Divine Endurance and Flowerdust, - two novels collected together for the first time exclusively as an e-book and known as "The Last Days Of Ranaganar" - are set within a far-future south-east Asia, a future that is hardly recognizable from the present and one that seems both medieval and futuristic in equal measure. The veiled women rule the Peninsula and guard the sacred hearth; Dapur.
To the south lies Ranganar, an island city that houses the Samsui reformers; builders of factories and machines and pursuers of the heretical "Three Springs" dream the ideals of liberty, equality and hard work. The rulers of the Peninsula are champions of preservation and have forbidden any violence or rebellion against those foreigners across the sea - even if those same foreign rulers seem hell bent on ruling over a country of corpses.
Deveet is heir to the Peninsula's paramount sovereign family - the Garuda, outcast and raising a new kind of rebellion, calling forth secret powers unknown to the foreigners; finally the veiled ladies signal their support. This change of heart is largely due to the character Cho, the Innocent, perfect and incorruptible doll-who-is-a-person; a perfect machine from a legendary past. Cho, looking for someone to serve, has given herself, body, heart and soul, to the last of the Garudas but should they be paying more attention to her cat, the heartless feline known as Divine Endurance?

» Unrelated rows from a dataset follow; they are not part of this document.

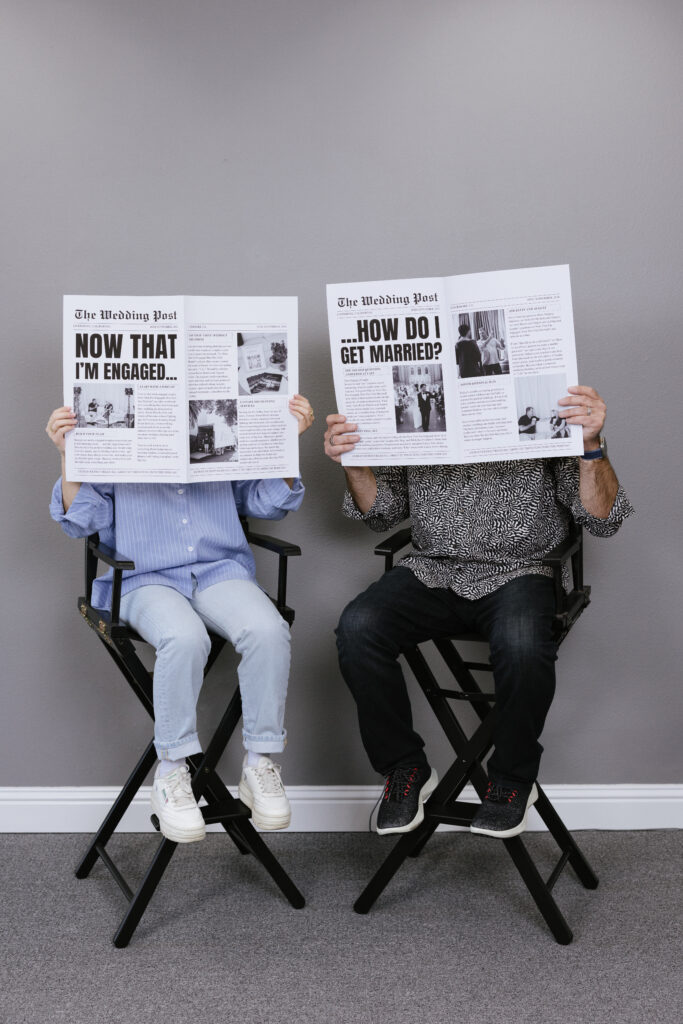 wedding newspaper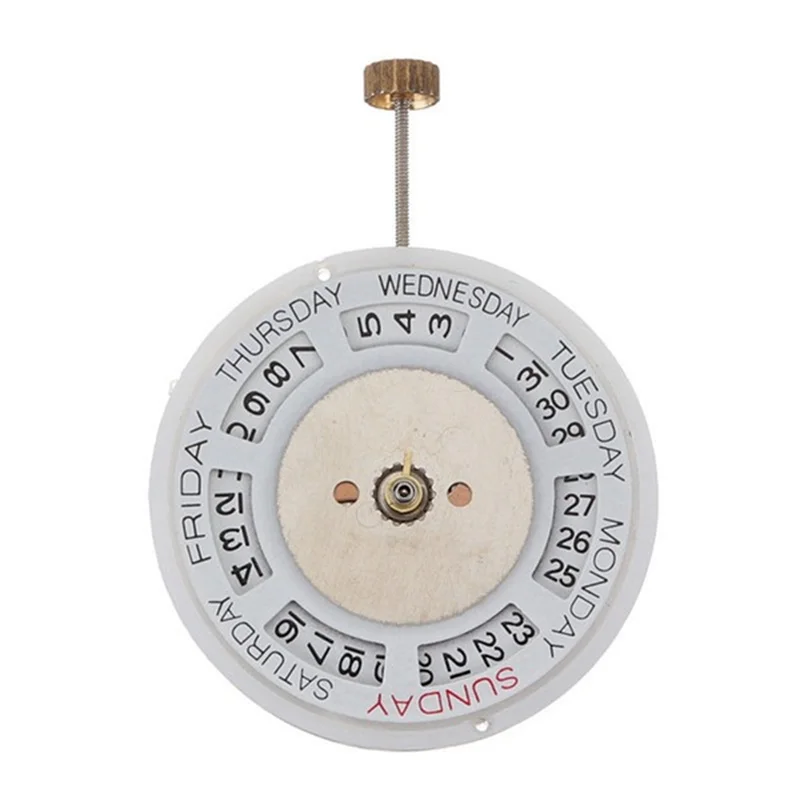 A25F-Automatic Movement Watch Replacement Part 2813 8205 Double Calendar Day Date Accuracy For Mechanical Watch Repair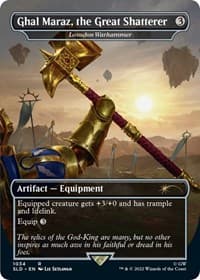 Ghal Maraz, the Great Shatterer - Loxodon Warhammer (Borderless) from Secret Lair Drop Series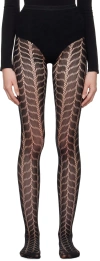 Swedish Stockings Black Meja Net Tights In Black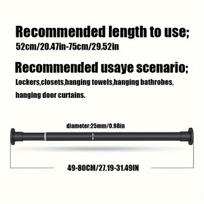 Teleskopinė strypas,  Juoda 49-80 cm / 19,25-31,49 colio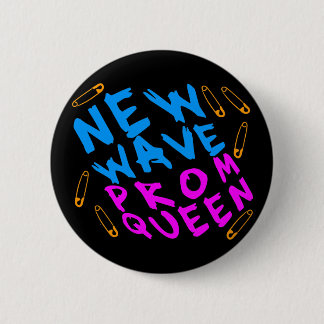 Corey Tiger 80s Vintage New Wave Prom Queen 2 Inch Round Button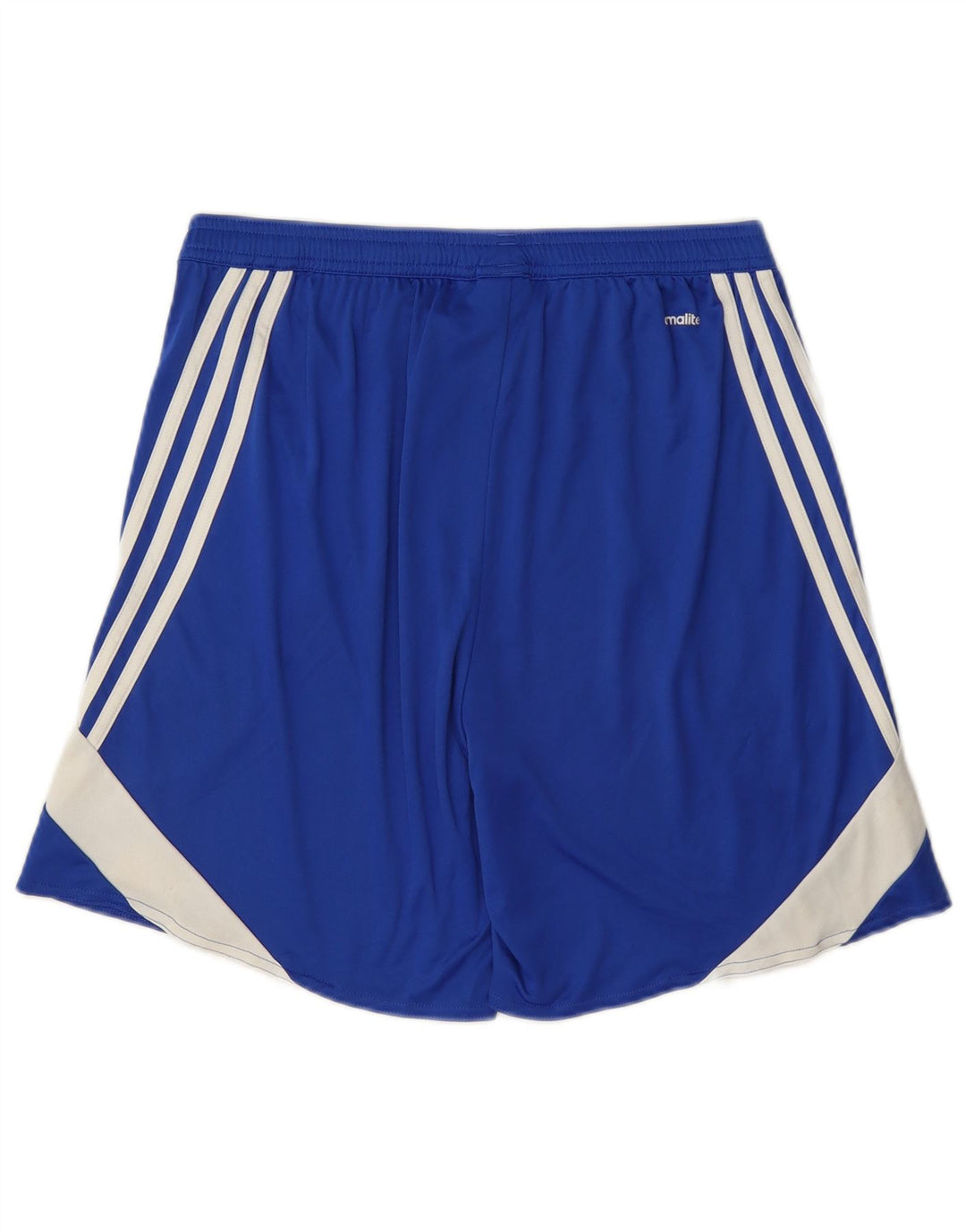 Adidas Short de Sport Climalite Homme Bleu Moyen Polyester Colorblock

After all Divine Endurance has never forgiven the humans, those toymakers of long ago, who created her and then abandoned her. . .
Divine Endurance was originally published almost thirty years ago with Flowerdust written ten years later and set within the timeframe of the original story - two thirds way through the book when the characters Derveet and Prince Atoon have arrived at the southern city of Ranganar and are looking to figure out what their next move should be.
The author has a real talent for building a living, breathing world without spending too long on world-building narrative. Both the Peninsula and later the city of Ranganar feel like they could quite easily exist outside of story and have a wonderful vibrancy about them.
With a powerfully strange, alien feeling the world of Divine Endurance holds a great deal of potency; along with some very thoughtful themes that create a great sense of depth. It's the characters that really shine though, Cho and Divine Endurance themselves standing out as two incredibly well written creations and the interplay between these two really make the novel the classic that it is.
There is a wonderful sense of a classic to the prose, reminiscent of the tales from the Golden age of science fiction, there are hints of past masters styles - although the author can stand along side them with a unique and at times compelling voice. The two novels work well together although each does have a slightly different style; the former needing closer attention to do the story justice while the latter having a faster, easier to read structure.
Divine Endurance and Flowerdust reverberate with the sense of the wonders of science fiction, both are a hugely rewarding read that awakens the readers sense of wonderment; deserving a place along-side the sf masterworks.
Written on Wednesday 6th March 2013 by Antony.